Sunday of the Transfiguration

(Every day now thousands of people and I receive an email from a man named Stephen who writes in short confident sentences about his goings on and ponderings, and periodically reminds us to buy his book, which I will refer to as The Ritalin Diaries. He writes like Raymond Chandler only nobody dies on the page, perhaps due to the medication. He writes like candy or television, it goes down easy, and makes you want more in the way that feels better when nobody else is there.)
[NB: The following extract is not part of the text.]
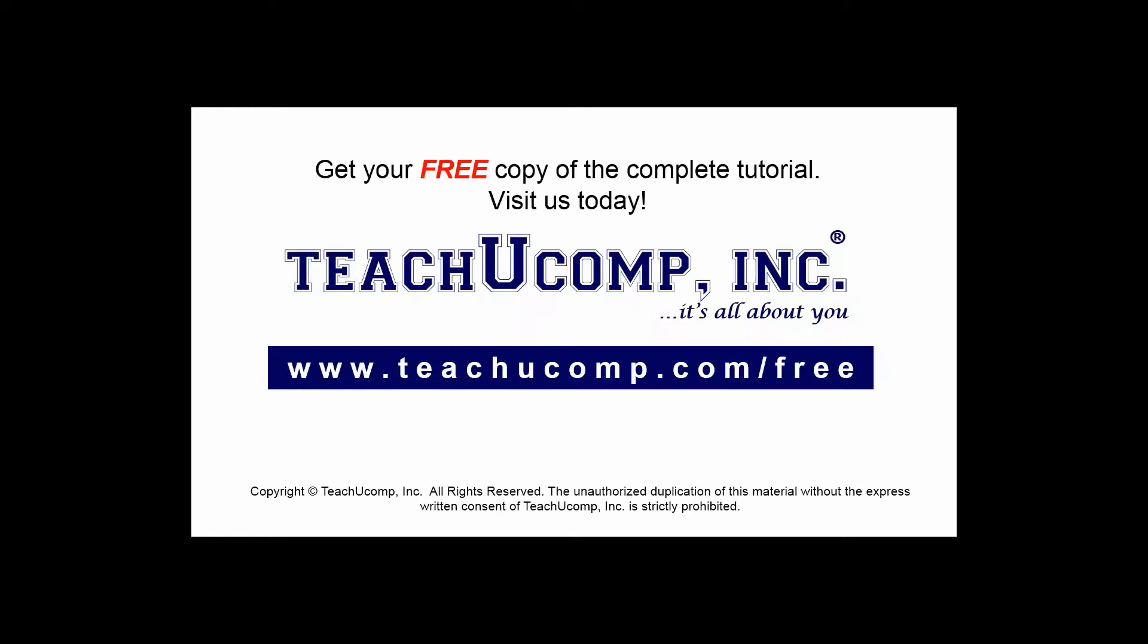Get your free copy of the complete tutorial at www.teachucomp.com/free.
It had been snowing since mid-morning, and now the jonquils were all flung against the ground like leftover lollypops. Whenever you heard the hard sound of a drop against the window or the hood of your coat, you knew it was raining again, but mostly it was quiet as the grave. It’s March, and this is what March is like. We forget.

I didn’t want to be anyplace with windows today, and drove into town to see a movie, which turned out to be Rabbit Hole. If John Sayles isn’t available to film the story of my life, then you might see if John Cameron Mitchell is available. Or Eileen Myles. Rabbit Hole was terrific, told with restraint and compassion, and was utterly devastating. It was perfect. I wiped my eyes off with the hem of my skirt, left the theater, pulled the hood over my head and listened to the pings against the plastic. It’s always a surprise to leave a theater in the daytime. It should be dark, but it wasn’t. I was surprised to see the street, cars skating along the silver pavement like there hadn’t just been a movie, people on their way to someplace else. I walked back and forth, acclimating to the new world around me. A friend of mine was walking up the sidewalk. “I just saw the saddest film in the world,” she said. “I know,” I said. “I was there too.” We looked at each other, and then, embarrassed, looked away. There were tribal drums in the distance.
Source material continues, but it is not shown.